DAiSEE is challenging because:
- Labels are subjective
- Lighting and camera conditions vary widely
- Engagement is a high-level affective state, not directly visible

## Feature Extraction: OpenFace and MARLIN

### OpenFace 2.2
OpenFace is an open-source facial behavior analysis toolkit that extracts:
- Facial Action Units (AUs)  
- Eye gaze direction  
- Head pose  
- Facial landmarks  

These features capture interpretable behavioral signals directly linked to
attention, focus, and affect.

### MARLIN Embeddings
MARLIN is a deep learning model that produces a **768-dimensional embedding**
for every video frame. Unlike OpenFace’s engineered features, MARLIN provides
a rich, high-level representation of facial appearance and expression learned
from large-scale data.

Together, OpenFace and MARLIN provide complementary information:
- **OpenFace:** interpretable, low-level behavioral cues  
- **MARLIN:** abstract, high-level visual features  

## EngageNet: A Multimodal Fusion Model
To combine these two modalities, we furthered **EngageNet**, a dual-stream
Transformer-based fusion architecture.
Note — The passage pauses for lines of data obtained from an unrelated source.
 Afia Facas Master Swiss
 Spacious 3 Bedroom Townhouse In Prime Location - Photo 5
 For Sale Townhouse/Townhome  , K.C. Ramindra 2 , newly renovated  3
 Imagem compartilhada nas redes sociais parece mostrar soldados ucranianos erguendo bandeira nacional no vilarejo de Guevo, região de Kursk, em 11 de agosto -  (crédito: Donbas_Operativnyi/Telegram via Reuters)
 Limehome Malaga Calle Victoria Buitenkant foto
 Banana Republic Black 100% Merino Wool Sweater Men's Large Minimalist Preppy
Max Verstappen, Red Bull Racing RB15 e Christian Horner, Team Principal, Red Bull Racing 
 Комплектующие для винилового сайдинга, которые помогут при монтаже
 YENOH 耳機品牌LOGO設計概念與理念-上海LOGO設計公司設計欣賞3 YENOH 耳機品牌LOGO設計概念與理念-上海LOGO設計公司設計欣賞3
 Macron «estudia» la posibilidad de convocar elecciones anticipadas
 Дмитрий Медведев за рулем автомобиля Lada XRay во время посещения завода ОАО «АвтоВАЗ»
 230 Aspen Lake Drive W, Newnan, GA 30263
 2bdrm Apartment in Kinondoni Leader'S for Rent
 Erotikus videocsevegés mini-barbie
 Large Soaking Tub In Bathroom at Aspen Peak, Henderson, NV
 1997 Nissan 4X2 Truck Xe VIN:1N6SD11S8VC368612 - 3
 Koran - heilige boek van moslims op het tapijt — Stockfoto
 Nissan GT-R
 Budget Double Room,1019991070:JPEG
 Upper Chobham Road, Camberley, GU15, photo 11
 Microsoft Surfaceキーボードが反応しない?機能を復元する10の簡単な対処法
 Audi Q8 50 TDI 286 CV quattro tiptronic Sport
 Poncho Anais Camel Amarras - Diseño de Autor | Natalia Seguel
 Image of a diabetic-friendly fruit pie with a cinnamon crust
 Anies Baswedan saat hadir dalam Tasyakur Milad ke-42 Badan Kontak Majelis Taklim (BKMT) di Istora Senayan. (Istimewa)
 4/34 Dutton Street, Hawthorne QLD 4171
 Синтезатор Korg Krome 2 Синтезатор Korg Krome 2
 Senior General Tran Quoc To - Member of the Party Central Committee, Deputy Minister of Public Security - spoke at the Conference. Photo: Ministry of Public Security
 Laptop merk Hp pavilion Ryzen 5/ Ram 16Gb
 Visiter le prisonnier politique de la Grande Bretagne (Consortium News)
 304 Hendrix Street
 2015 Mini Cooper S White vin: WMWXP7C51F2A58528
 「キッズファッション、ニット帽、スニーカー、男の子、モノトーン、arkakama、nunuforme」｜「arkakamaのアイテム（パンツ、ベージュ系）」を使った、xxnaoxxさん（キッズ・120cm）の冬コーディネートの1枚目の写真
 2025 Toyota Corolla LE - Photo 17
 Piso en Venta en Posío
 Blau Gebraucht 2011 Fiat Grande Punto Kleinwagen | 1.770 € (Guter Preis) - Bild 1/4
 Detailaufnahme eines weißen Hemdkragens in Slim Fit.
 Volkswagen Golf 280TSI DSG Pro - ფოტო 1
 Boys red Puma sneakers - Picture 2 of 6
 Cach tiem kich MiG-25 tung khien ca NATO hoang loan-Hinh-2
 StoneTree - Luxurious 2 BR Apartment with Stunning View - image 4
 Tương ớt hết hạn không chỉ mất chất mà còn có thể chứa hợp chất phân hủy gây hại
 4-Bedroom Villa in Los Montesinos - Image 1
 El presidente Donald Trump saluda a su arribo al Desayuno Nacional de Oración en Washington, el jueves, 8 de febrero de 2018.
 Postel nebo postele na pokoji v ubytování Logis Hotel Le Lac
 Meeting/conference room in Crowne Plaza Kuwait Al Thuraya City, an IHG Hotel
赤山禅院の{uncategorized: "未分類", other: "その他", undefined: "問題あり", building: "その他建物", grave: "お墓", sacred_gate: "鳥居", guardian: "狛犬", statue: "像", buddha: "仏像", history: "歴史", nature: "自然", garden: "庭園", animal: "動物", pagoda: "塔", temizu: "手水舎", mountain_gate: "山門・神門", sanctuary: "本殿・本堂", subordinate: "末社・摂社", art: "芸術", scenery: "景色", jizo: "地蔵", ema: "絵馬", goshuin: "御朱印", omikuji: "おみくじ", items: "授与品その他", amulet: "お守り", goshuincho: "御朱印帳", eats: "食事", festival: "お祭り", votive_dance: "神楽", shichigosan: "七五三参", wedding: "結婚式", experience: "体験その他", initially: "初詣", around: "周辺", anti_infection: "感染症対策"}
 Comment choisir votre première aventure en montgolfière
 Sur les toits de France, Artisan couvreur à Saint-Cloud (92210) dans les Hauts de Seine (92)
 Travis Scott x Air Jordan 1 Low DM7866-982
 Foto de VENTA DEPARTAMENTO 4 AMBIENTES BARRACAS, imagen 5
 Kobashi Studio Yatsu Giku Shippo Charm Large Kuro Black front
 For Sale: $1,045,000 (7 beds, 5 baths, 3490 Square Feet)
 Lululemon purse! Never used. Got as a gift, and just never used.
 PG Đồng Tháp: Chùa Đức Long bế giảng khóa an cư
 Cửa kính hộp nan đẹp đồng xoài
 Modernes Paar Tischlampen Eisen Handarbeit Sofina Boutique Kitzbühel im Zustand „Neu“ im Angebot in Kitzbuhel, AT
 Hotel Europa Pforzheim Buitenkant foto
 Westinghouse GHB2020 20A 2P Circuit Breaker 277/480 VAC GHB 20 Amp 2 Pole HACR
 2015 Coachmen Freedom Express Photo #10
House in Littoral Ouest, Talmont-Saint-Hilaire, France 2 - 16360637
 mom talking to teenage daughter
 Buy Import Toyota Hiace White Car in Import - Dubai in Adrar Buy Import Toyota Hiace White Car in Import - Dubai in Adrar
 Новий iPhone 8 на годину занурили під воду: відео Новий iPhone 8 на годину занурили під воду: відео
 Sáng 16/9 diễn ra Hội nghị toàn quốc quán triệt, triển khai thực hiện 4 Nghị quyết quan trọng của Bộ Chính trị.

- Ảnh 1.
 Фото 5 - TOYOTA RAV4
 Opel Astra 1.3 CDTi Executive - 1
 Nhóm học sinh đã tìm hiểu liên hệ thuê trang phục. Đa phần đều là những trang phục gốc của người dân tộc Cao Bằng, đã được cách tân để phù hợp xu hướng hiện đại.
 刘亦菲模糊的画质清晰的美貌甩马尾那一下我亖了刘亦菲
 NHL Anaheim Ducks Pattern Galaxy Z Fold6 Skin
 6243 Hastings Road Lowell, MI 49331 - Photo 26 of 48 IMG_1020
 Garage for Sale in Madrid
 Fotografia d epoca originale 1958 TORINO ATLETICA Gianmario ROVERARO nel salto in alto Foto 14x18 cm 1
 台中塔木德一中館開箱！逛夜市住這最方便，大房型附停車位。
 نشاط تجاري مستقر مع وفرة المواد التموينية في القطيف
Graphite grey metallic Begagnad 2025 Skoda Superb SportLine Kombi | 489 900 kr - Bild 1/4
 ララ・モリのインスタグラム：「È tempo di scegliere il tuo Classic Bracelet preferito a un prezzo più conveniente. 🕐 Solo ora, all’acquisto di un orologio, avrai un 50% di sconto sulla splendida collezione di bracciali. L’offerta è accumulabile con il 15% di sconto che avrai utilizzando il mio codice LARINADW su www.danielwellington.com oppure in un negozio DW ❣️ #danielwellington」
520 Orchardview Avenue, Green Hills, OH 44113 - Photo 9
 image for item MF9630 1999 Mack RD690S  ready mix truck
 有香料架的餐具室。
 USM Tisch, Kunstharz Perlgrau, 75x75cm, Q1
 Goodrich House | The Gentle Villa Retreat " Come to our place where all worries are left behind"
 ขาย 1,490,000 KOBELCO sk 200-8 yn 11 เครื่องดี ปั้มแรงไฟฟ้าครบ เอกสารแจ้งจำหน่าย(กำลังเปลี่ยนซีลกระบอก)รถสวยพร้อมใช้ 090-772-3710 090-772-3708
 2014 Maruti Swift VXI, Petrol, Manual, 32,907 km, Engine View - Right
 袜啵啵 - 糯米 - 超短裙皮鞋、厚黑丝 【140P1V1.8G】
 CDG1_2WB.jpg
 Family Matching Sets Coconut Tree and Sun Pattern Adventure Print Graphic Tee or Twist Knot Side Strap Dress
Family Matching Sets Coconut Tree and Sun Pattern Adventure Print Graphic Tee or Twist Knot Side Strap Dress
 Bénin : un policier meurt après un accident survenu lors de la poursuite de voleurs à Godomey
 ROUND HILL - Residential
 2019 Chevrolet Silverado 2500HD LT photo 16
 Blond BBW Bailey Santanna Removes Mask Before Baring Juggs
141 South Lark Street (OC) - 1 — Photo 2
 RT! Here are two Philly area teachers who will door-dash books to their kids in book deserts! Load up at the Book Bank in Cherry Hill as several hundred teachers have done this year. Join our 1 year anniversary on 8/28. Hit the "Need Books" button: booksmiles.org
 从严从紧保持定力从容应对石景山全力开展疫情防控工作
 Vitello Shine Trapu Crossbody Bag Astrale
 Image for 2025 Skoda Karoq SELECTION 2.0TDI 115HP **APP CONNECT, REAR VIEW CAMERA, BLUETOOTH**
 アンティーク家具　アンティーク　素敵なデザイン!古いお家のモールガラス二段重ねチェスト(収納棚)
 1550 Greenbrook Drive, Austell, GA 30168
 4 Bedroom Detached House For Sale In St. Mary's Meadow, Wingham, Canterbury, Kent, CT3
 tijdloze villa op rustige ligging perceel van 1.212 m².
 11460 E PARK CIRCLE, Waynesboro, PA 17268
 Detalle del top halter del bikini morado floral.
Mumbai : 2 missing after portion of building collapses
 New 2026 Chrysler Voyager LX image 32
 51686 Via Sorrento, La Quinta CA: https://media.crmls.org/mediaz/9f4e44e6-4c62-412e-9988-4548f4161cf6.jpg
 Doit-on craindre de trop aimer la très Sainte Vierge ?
EngageNet:

- Accepts **MARLIN embeddings** as a 768-dimensional vector  
- Accepts **OpenFace features** as a short temporal sequence (9 frames)  
- Processes each stream independently  
- Uses Transformers to model temporal dependencies  
- Fuses them into a joint representation  
- Predicts one of the four DAiSEE engagement levels

This notebook demonstrates:
1. The model architecture and validation performance    
2. Why engagement classification is tested using a Roboflow-hosted model

## Import and Setup

In [None]:
import tensorflow as tf  # pyright: ignore[reportMissingImports]
from keras import Input, Model  # pyright: ignore[reportMissingImports]
from keras.layers import (  # pyright: ignore[reportMissingImports]
    Dense, Dropout, LayerNormalization,
    GlobalAveragePooling1D, MultiHeadAttention, Concatenate
)

## Fusion Model Architecture

This function builds a dual-stream neural network that fuses MARLIN and OpenFace features using a Transformer layer to predict one of four engagement levels.

In [None]:
def build_fusion_model(hidden_dim=128, dropout_rate=0.4, num_heads=2, num_layers=1):

    # MARLIN Input Stream
    marlin_input = Input(shape=(1, 768), name="marlin_input")
    x1 = LayerNormalization()(marlin_input)
    x1 = GlobalAveragePooling1D()(x1)
    x1 = Dense(256, activation="relu")(x1)
    x1 = Dropout(dropout_rate)(x1)
    x1 = Dense(hidden_dim, activation="relu")(x1)

    # Transformer layers
    for _ in range(num_layers):
        attn_out = MultiHeadAttention(num_heads=num_heads, key_dim=64)(x2, x2)
        x2 = LayerNormalization()(x2 + attn_out)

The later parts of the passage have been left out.